▶ _YOUR INSTRUCTIONS_
Could you write out, exactly and with no pictures, every line from the one containing "Vacuum Cleaner Electric" through the last line of the entries?

(Short text fragments from websites)
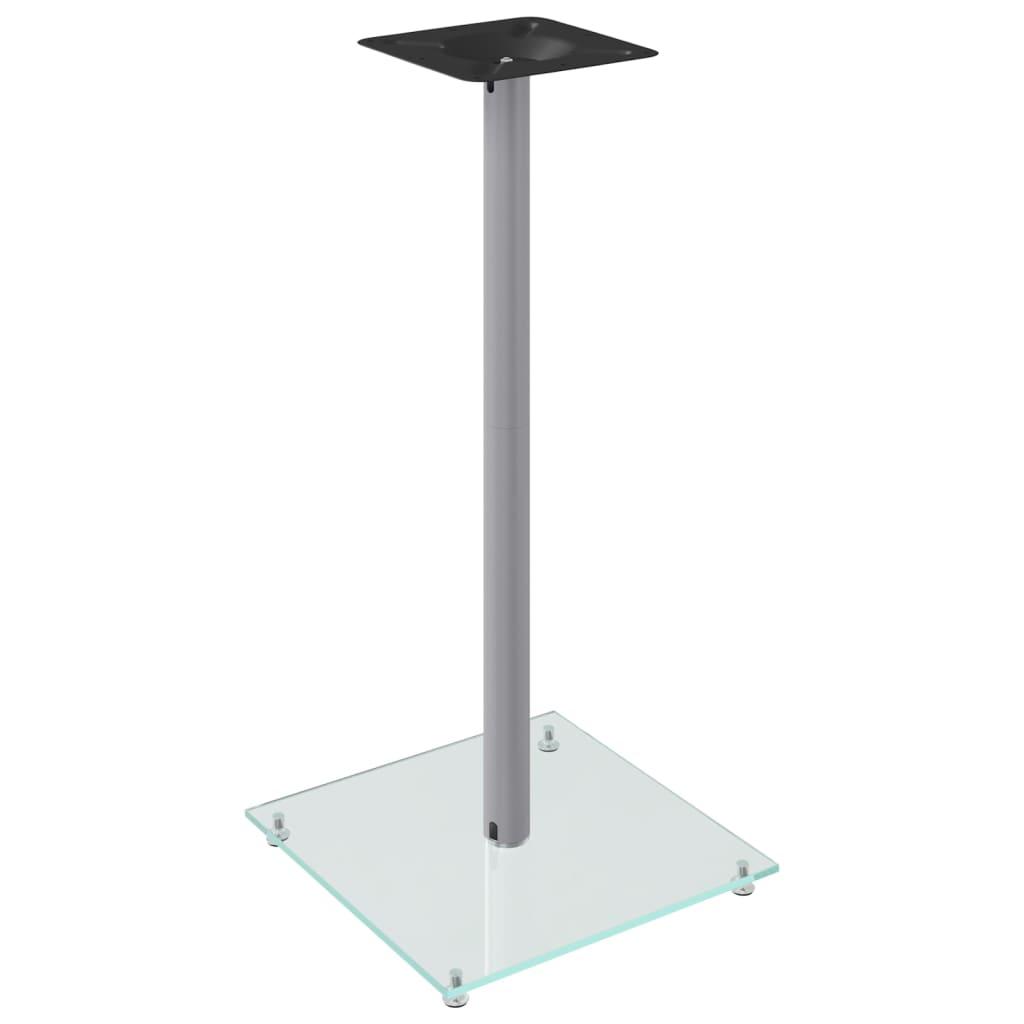 Speaker Stands 2 Pcs Tempered Glass 1 Pillar Design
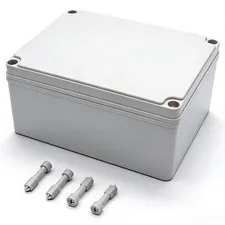 Twidec/Waterproof Dustproof IP67 Junction Box ABS Plastic Electrical Gray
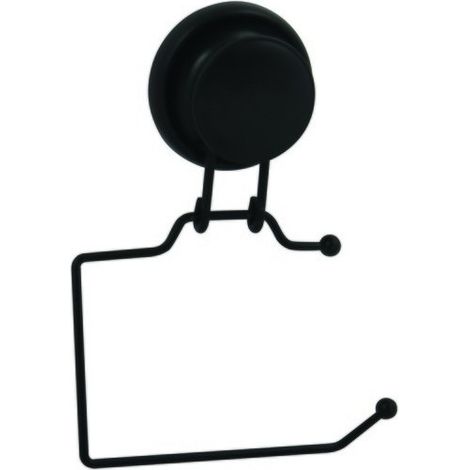 Porte Rouleau papier Wc ou serviettes à ventouse Acier Noir mat MSV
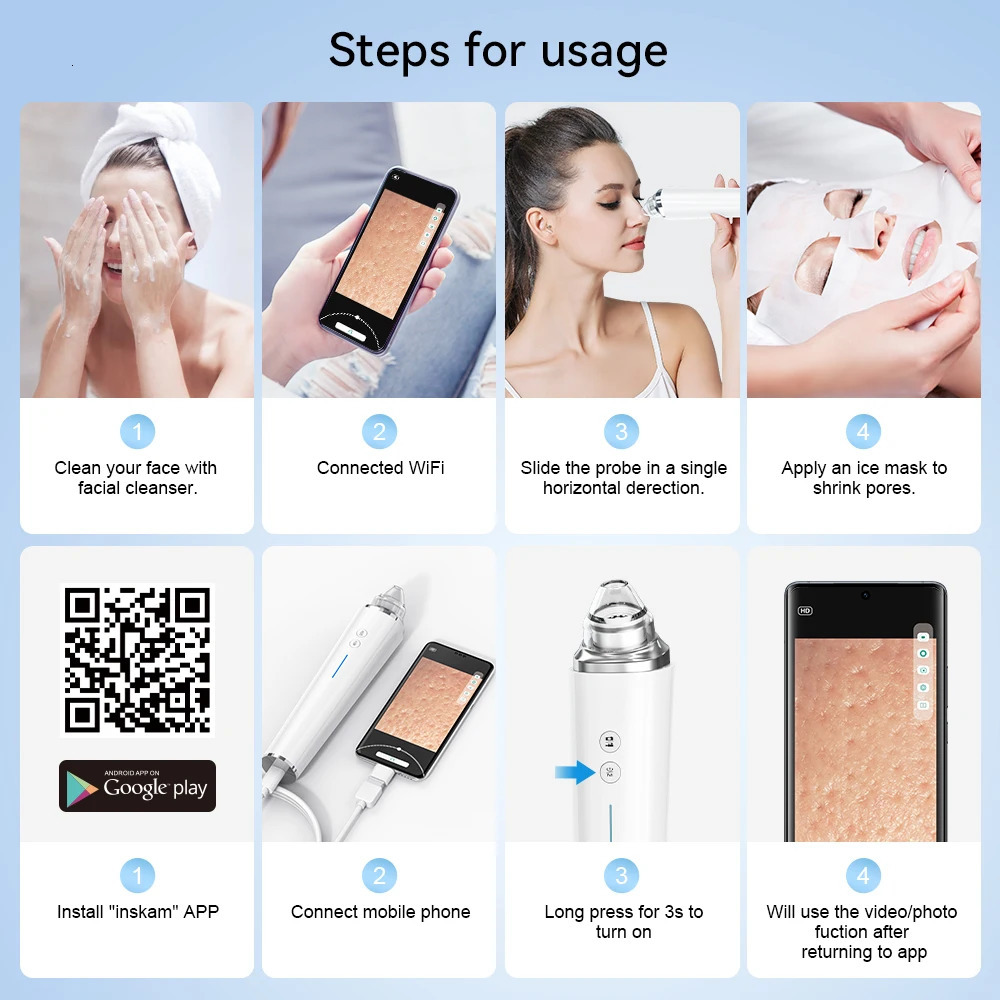 Vacuum Cleaner Electric Blackhead r Black Head Removal Facial Deep Cleansing Pore Cleaner Machine Skin Care Tools 251030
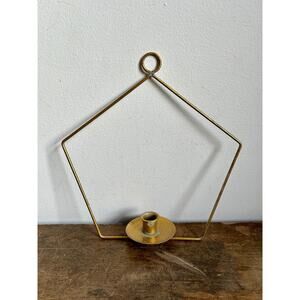 Vintage Hanging Geometric Taper Candle Holder | Farmhouse Cottagecore Christmas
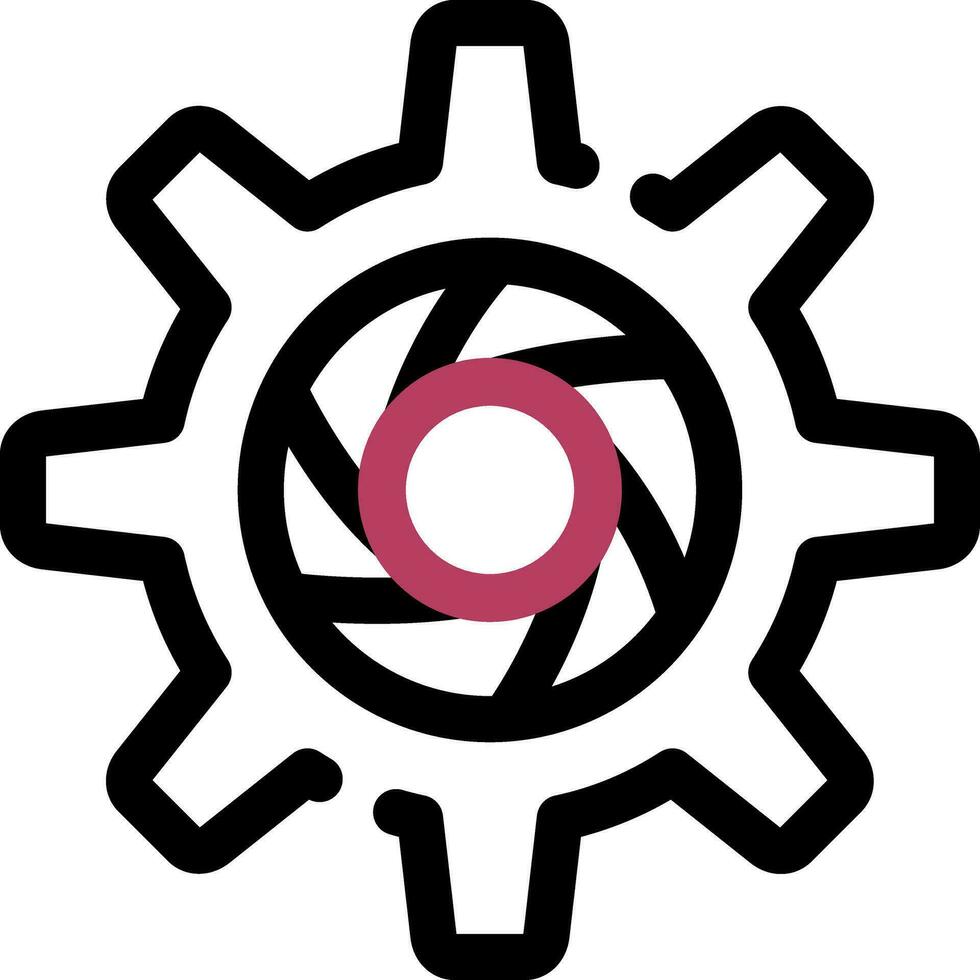 Configuration Camera Creative Icon Design vector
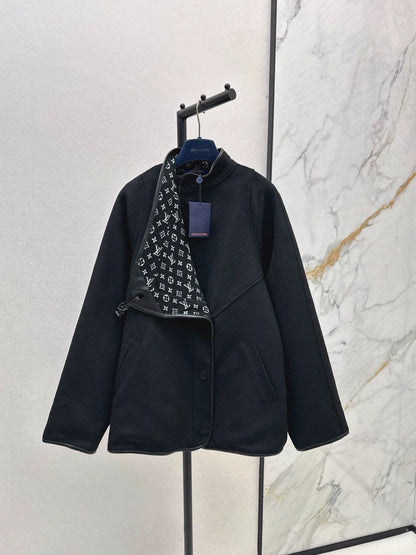 25fw Old flower double-sided short cape coat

▶ _EXPECTED ANSWER_
 Vacuum Cleaner Electric Blackhead r Black Head Removal Facial Deep Cleansing Pore Cleaner Machine Skin Care Tools 251030
 Vintage Hanging Geometric Taper Candle Holder | Farmhouse Cottagecore Christmas
 Configuration Camera Creative Icon Design vector
 25fw Old flower double-sided short cape coat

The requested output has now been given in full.